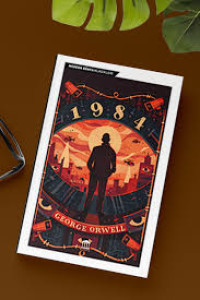 Image of 1984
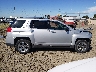 2GKFLXE57C6****** Repairable 2012 GMC Terrain in Oregon State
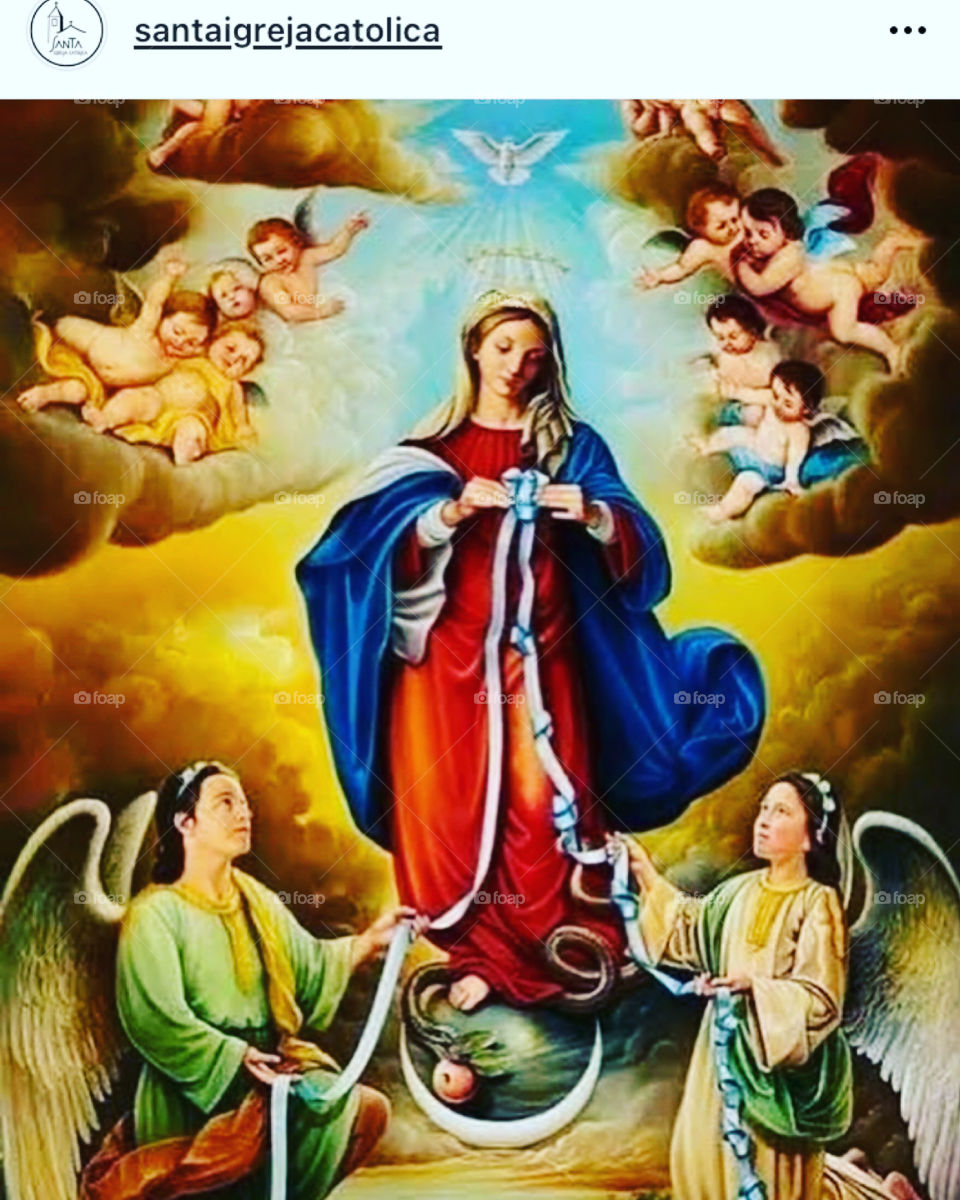 🙏 🇪🇸 Oh Maria, ruega por nosotros que recurrimos a ti.  Amén.  🇧🇷 Ó Maria, Nossa Senhora, rogai por nós que recorremos a vós. Amém. / 🇺🇸 O Mary, pray for us that we turn to you.  Amen. / 🇮🇹 O Madonna, prega per noi che ci rivolgiamo a te. Amen. 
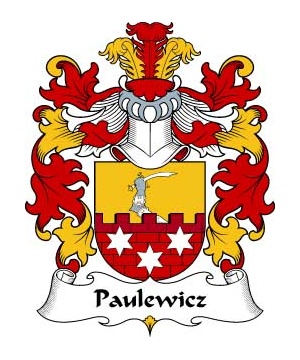 Poland/P/Paulewicz-Crest-Coat-of-Arms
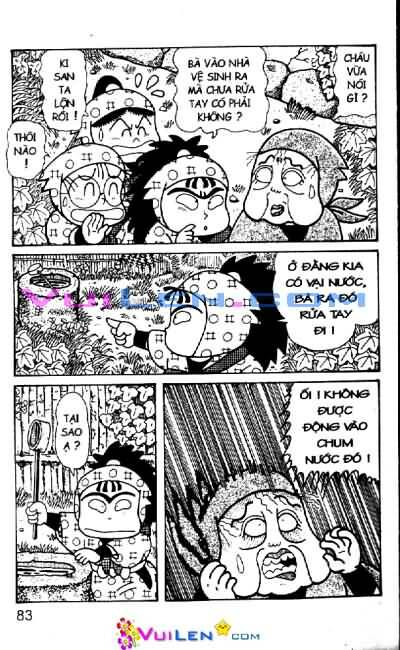 ninja loạn thị chapter 53 83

-------------------------

What to work on | With pictures excluded, the data must be transcribed in full and to the letter.

Answer section |
 Image of 1984
 2GKFLXE57C6****** Repairable 2012 GMC Terrain in Oregon State
 🙏 🇪🇸 Oh Maria, ruega por nosotros que recurrimos a ti.  Amén.  🇧🇷 Ó Maria, Nossa Senhora, rogai por nós que recorremos a vós. Amém. / 🇺🇸 O Mary, pray for us that we turn to you.  Amen. / 🇮🇹 O Madonna, prega per noi che ci rivolgiamo a te. Amen. 
 Poland/P/Paulewicz-Crest-Coat-of-Arms
 ninja loạn thị chapter 53 83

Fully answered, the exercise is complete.